**** INFORMATION SUPPLIED

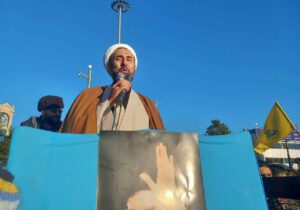 امام جمعه موقت ایلام: مردم با انسجام ملی راه توطئه‌افکنی دشمنان را می‌بندند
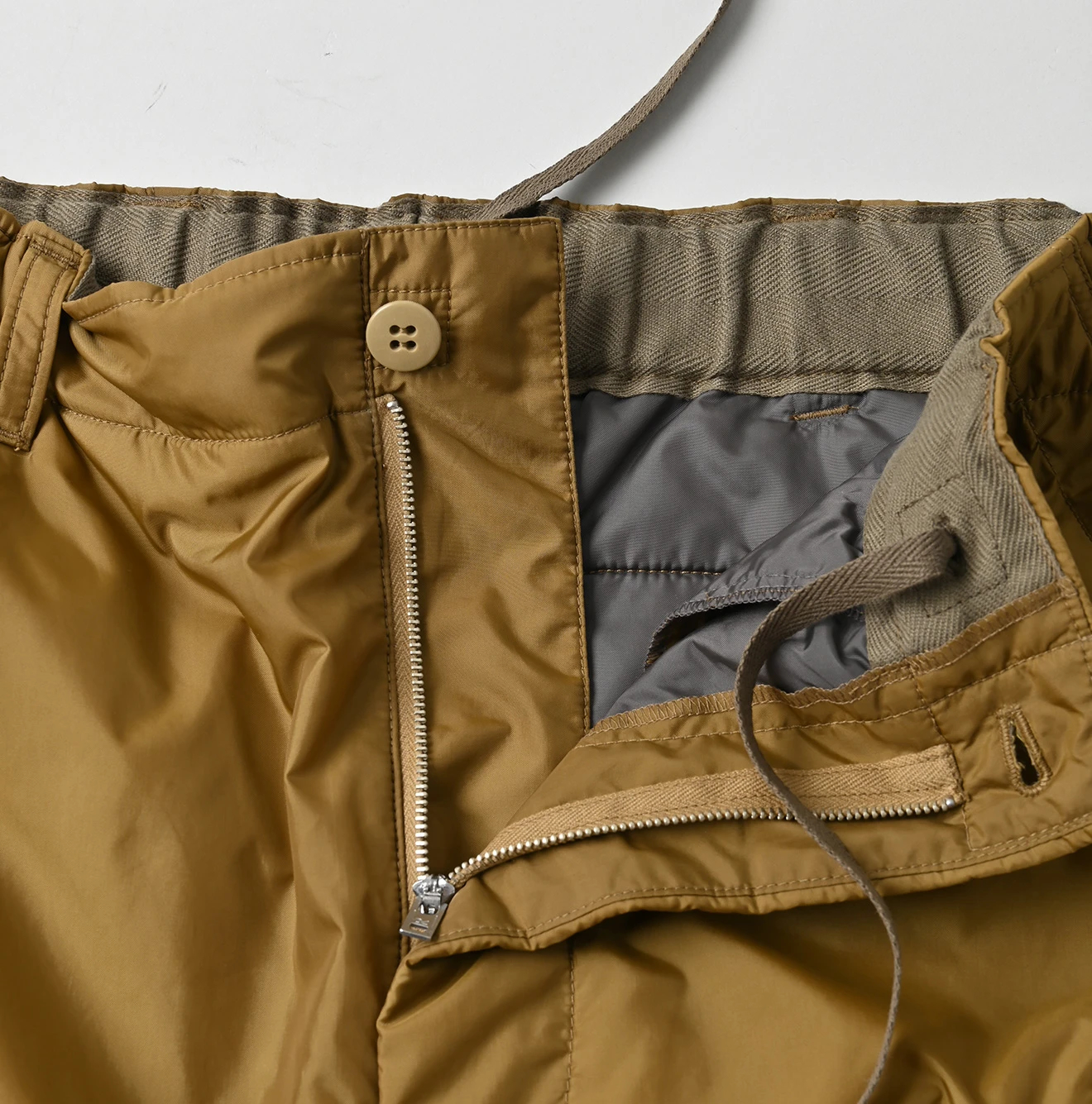 45R(フォーティファイブアール) |ナイロンのキルティングカーゴスカート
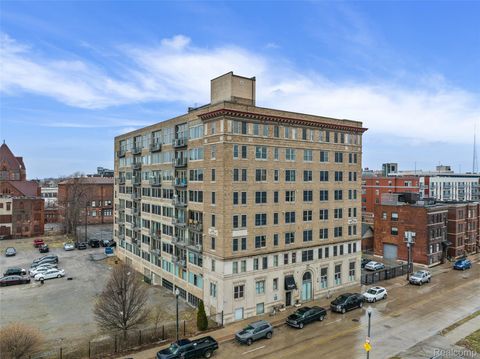 Photo of 2915 John R Street #302, Detroit City, MI 48201 (MLS # 20261026638)
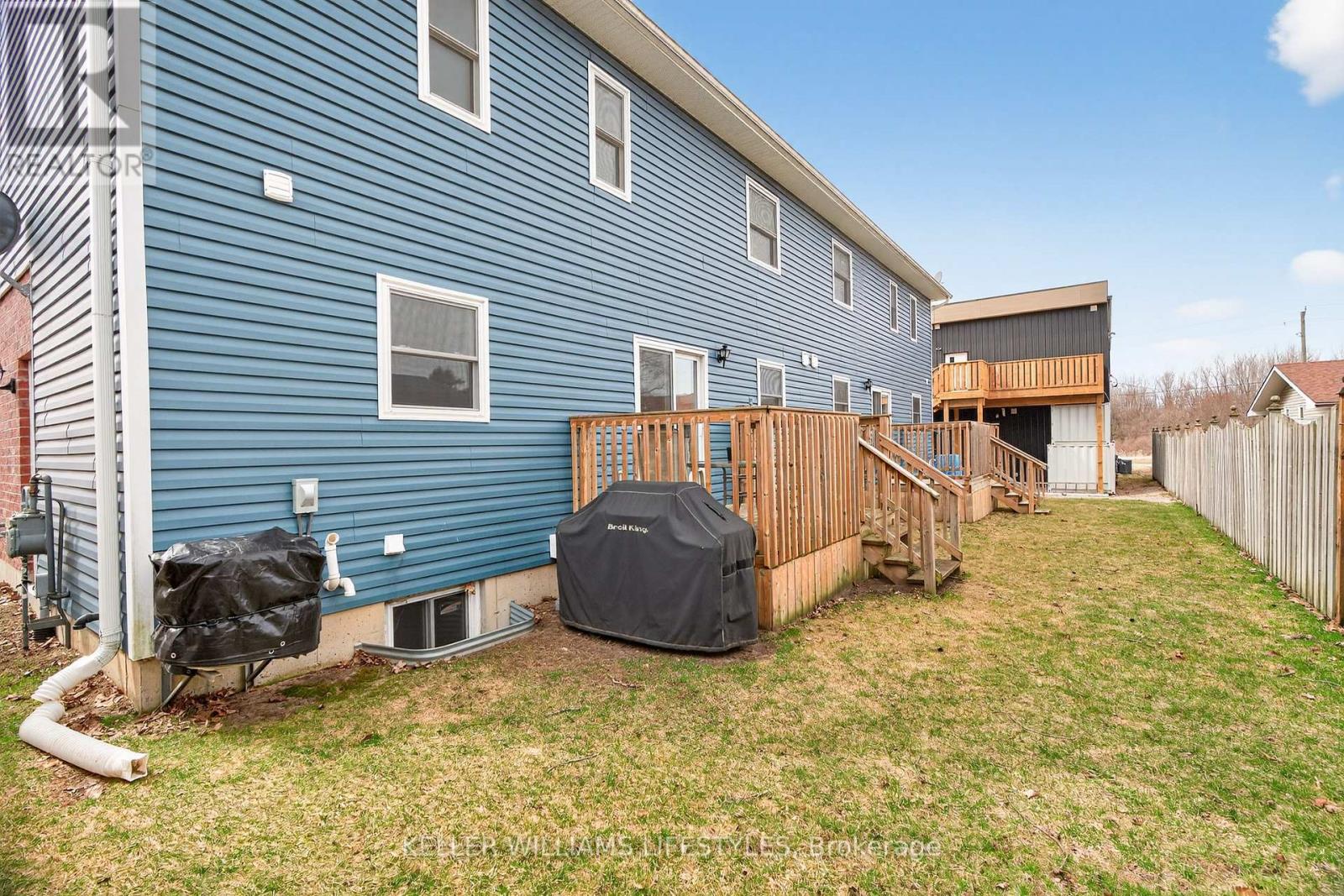 321 - 325 Buchanan Street, Strathroy-Caradoc, Ontario  N7G 1K6 - Photo 48 - X12941816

********

Print only the lines from the one with "Photo of 2915" through the last line of the data above, exactly and with both ends, and please omit any pictures.

__ANSWER AREA__
 Photo of 2915 John R Street #302, Detroit City, MI 48201 (MLS # 20261026638)
 321 - 325 Buchanan Street, Strathroy-Caradoc, Ontario  N7G 1K6 - Photo 48 - X12941816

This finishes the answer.